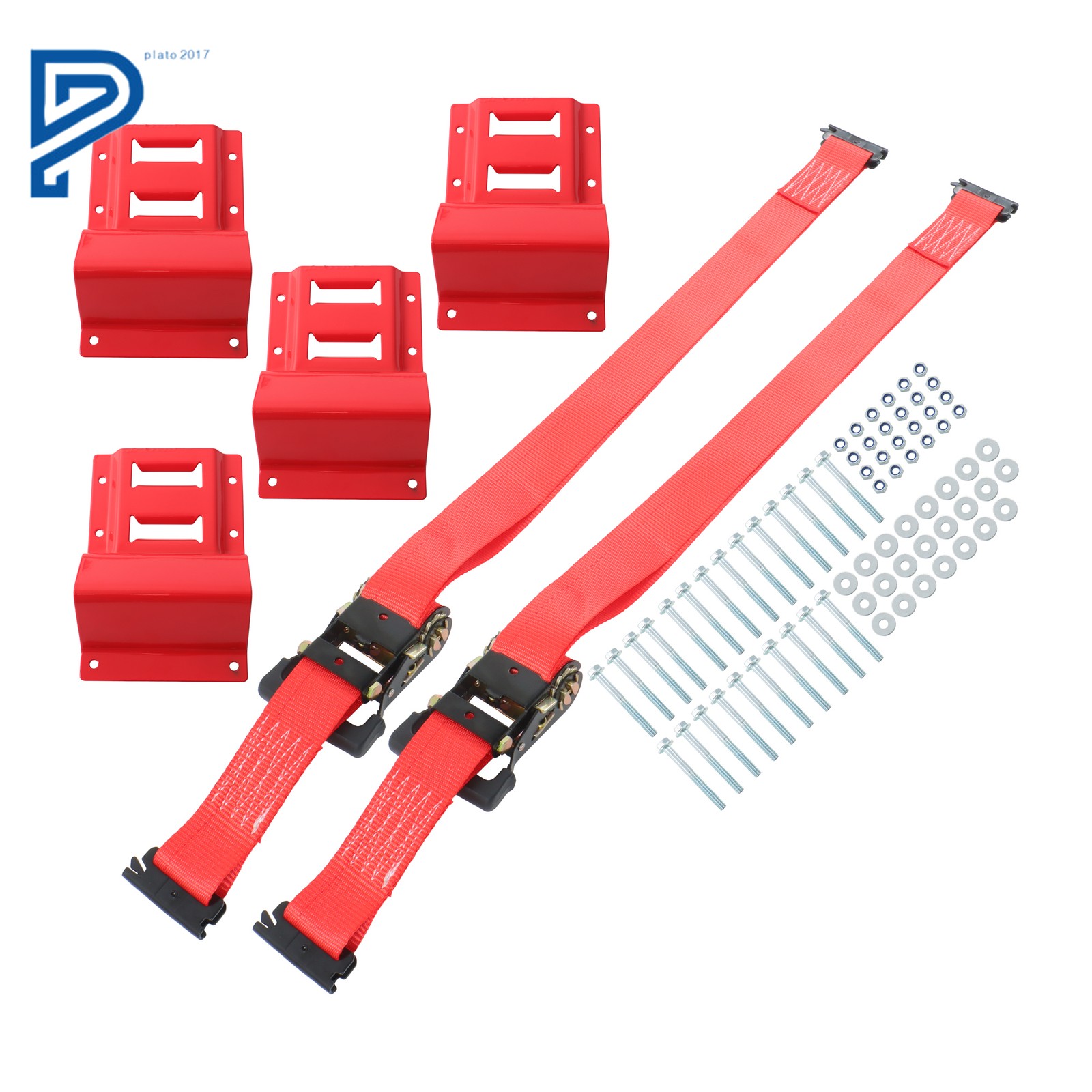 Tie Down Kit 2 pcs Heavy Duty Trailer Tire Ratchet Straps 4 pcs Wheel Chocks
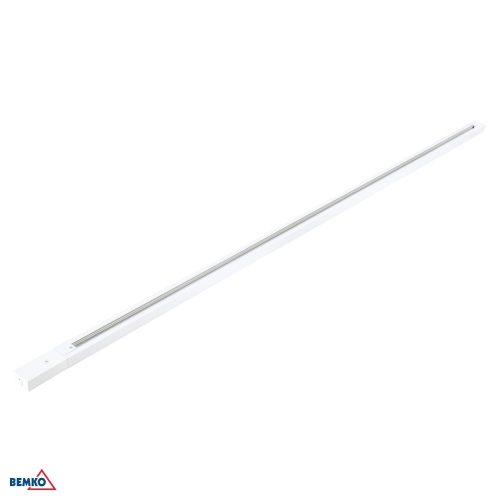 TRACKLIGHT RAIL 1-PHASE 2-WIRES 2,0M WHITE SUPPLY CONNECTOR AND END CAP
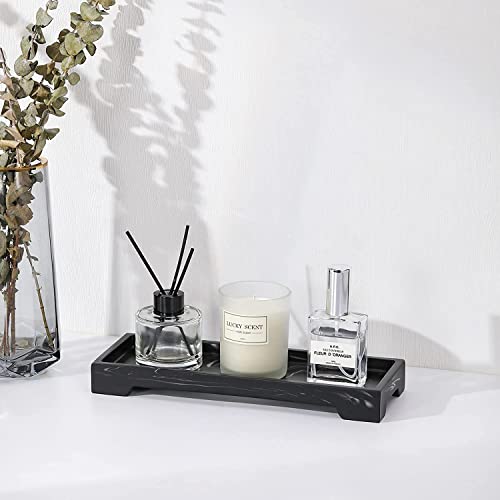Luxspire Vanity Tray – Matte Black Bathroom &amp; Kitchen Organizer Tray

=-=-=

_YOUR INSTRUCTIONS_: Everything from the line with "TRACKLIGHT RAIL 1-PHASE" through the end of the listing above, both ends included, should be set down exactly; copy nothing else, and skip the pictures.

_RESPONSE AREA_:
 TRACKLIGHT RAIL 1-PHASE 2-WIRES 2,0M WHITE SUPPLY CONNECTOR AND END CAP
Luxspire Vanity Tray – Matte Black Bathroom &amp; Kitchen Organizer Tray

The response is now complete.